#
# You can use this CREATE statement for "url" table instead of 
# default one. This structure usefull for huge "cache mode" databases 
# with several millions URLs.
#
#   New features of this scheme:
#
# * Support for MySQL RAID to break 2/4G data file size limit.
# * Relatively small "url.MYI" index file size:
#     there is no unique index on "url" field.
# * Quick search for expired documents at indexing time using 
#     "key_next_index_time" index. It significantly improves 
#     indexing speed for big databases.
# * UNIQUE rec_id is generated in indexer using CRC32(url)
# * It turns on large file MySQL support for "url" table.
#
# Disadvantage:
#  * This scheme probably will loose some documents as far as CRC32
#  algorythm which is used for rec_id generation can give same values for
#  different URLs. According to our tests it gives approximately
#  100 URL pairs with the same CRC32 within 3.5 millions of unique URLs. 
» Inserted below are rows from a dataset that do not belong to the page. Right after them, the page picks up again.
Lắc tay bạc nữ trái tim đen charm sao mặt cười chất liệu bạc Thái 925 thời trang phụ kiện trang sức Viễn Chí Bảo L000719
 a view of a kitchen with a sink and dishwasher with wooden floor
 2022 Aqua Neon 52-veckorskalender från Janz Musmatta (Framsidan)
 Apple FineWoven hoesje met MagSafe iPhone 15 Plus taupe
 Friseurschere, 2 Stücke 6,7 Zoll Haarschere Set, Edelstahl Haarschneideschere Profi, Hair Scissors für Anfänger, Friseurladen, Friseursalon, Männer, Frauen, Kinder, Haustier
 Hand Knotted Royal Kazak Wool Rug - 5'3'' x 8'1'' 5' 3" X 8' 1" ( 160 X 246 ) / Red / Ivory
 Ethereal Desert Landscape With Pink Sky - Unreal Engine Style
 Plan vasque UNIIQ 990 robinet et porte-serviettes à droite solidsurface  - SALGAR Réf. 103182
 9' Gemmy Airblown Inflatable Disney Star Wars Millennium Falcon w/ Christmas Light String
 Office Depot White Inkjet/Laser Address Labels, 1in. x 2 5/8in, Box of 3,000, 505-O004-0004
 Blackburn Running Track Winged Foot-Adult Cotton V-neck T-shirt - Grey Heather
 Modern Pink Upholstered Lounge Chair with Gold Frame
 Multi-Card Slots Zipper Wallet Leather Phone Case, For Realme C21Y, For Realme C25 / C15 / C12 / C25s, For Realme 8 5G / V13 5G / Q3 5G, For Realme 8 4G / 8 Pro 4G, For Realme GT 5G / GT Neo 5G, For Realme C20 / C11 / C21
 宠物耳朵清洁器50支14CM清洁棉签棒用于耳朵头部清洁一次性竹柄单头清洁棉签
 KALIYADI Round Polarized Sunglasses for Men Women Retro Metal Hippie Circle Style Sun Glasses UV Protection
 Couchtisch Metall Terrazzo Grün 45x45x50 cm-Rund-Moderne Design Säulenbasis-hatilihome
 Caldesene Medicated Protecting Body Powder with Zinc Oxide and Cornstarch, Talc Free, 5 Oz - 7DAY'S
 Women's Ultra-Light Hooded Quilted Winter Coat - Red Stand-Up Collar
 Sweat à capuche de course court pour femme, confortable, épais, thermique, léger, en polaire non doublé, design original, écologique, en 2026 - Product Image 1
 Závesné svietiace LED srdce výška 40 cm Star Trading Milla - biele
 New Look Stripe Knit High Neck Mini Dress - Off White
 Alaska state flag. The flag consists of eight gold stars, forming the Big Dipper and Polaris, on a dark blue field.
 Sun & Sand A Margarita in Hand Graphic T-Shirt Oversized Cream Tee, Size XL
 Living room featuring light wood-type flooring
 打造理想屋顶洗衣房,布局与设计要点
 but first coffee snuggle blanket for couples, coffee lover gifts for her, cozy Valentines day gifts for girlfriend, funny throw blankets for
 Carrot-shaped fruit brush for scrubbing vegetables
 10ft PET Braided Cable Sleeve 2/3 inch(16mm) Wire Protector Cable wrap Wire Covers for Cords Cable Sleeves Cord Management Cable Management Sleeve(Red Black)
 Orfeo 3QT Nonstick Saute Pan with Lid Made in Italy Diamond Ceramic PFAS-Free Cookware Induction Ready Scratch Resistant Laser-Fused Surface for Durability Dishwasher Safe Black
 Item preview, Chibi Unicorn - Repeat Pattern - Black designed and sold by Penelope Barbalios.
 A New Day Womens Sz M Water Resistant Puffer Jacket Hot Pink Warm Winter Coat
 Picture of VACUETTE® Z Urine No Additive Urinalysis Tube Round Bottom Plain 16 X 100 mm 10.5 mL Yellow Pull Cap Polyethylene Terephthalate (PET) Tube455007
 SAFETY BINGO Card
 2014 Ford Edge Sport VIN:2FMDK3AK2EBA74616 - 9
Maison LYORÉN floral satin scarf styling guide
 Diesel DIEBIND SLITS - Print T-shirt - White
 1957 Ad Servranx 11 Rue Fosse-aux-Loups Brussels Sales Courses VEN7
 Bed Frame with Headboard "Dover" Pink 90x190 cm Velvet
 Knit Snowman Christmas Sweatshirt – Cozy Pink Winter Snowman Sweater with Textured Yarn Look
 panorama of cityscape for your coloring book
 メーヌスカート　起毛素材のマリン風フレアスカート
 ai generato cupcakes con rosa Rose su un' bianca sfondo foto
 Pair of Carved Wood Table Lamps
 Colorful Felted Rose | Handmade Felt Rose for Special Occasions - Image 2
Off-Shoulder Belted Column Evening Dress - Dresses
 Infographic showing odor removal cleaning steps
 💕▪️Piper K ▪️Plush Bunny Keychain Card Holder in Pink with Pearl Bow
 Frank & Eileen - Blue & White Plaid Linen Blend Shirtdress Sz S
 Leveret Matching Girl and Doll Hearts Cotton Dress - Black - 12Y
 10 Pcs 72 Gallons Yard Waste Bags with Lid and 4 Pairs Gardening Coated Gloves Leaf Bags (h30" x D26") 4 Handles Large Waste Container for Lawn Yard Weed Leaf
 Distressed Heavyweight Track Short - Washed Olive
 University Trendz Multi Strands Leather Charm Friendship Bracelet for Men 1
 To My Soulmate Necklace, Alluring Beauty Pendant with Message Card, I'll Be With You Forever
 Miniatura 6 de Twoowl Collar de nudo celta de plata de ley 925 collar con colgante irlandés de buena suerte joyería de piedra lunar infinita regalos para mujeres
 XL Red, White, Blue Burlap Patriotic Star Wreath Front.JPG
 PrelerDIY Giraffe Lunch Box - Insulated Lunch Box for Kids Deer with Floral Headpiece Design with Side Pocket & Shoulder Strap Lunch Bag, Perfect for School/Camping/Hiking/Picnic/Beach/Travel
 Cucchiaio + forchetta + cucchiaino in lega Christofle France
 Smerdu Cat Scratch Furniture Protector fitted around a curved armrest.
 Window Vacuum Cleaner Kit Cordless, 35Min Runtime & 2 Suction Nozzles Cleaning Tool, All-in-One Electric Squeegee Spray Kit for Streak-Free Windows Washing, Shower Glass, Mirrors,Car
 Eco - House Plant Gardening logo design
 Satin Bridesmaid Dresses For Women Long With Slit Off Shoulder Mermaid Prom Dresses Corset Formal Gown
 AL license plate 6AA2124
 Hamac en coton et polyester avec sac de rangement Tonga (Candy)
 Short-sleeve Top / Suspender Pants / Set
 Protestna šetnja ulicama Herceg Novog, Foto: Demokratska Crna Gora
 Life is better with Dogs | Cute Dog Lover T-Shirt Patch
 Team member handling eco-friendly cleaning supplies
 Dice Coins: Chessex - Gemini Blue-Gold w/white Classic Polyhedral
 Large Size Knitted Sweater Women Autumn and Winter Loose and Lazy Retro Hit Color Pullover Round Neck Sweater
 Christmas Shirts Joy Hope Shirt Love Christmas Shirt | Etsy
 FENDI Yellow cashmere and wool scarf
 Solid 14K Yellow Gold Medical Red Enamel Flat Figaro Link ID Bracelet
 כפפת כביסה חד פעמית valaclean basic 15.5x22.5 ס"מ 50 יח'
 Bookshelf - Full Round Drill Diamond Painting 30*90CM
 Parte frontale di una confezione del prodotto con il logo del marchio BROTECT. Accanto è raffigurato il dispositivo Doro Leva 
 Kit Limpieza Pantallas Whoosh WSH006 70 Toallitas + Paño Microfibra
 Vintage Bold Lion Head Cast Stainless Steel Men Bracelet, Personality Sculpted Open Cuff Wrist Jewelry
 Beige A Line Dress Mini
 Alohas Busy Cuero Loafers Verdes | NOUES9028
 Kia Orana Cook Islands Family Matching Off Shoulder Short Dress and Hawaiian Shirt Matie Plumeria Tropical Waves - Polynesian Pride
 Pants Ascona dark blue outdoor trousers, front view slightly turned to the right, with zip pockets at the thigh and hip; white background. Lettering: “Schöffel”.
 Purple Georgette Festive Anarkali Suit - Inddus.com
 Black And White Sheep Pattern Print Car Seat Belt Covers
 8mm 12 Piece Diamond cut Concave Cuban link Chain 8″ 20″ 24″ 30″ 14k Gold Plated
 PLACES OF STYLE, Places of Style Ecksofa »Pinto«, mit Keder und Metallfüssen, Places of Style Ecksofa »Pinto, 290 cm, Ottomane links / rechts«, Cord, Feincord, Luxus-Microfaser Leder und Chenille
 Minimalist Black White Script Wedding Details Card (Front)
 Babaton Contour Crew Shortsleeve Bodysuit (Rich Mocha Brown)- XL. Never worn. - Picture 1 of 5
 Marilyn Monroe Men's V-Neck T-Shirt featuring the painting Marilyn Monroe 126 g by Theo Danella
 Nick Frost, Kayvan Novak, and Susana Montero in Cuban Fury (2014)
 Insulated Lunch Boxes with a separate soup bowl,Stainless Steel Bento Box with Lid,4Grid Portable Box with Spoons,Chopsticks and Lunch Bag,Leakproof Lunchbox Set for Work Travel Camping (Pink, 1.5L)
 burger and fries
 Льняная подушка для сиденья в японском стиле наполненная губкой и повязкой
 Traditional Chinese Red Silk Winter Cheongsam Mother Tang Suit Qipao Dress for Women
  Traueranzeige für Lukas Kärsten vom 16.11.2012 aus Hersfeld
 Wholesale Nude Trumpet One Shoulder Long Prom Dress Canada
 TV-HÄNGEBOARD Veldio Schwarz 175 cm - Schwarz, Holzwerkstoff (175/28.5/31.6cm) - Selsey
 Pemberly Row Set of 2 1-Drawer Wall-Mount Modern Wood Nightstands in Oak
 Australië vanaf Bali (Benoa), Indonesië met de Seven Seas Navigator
#  It means that 0.0028% documents will be losten.
#
# Requires:
# * Specify "--with-raid" and omit "--disable-large-files" when
#      installing MySQL.
# * Use "UseCRC32UrlID yes" command in your indexer.conf
#


DROP TABLE url;

CREATE TABLE url (
  rec_id int(11) DEFAULT '0' NOT NULL,
  status int(11) DEFAULT '0' NOT NULL,
  docsize int(11) DEFAULT '0' NOT NULL,
  next_index_time INT NOT NULL,
  last_mod_time INT NOT NULL,
  referrer int(11) DEFAULT '0' NOT NULL,
  hops int(11) DEFAULT '0' NOT NULL,
  crc32 int(11) DEFAULT '0' NOT NULL,
  seed smallint(6) DEFAULT '0' NOT NULL,
  bad_since_time INT NOT NULL,
  site_id	  int(11),
  server_id	  int(11),
  pop_rank	  float DEFAULT 0 NOT NULL,
  url char(128) binary DEFAULT '' NOT NULL,
  PRIMARY KEY (rec_id),
  UNIQUE url (url),
  KEY key_crc (crc32),
  KEY key_seed (seed),
  KEY key_referrer (referrer),
  KEY key_bad_since_time (bad_since_time),
  KEY key_next_index_time (next_index_time),
  KEY key_site_id (site_id)
)  
  RAID_TYPE=RAID0 RAID_CHUNKS=16 RAID_CHUNKSIZE=256
  MAX_ROWS=100000000 
  AVG_ROW_LENGTH=512
;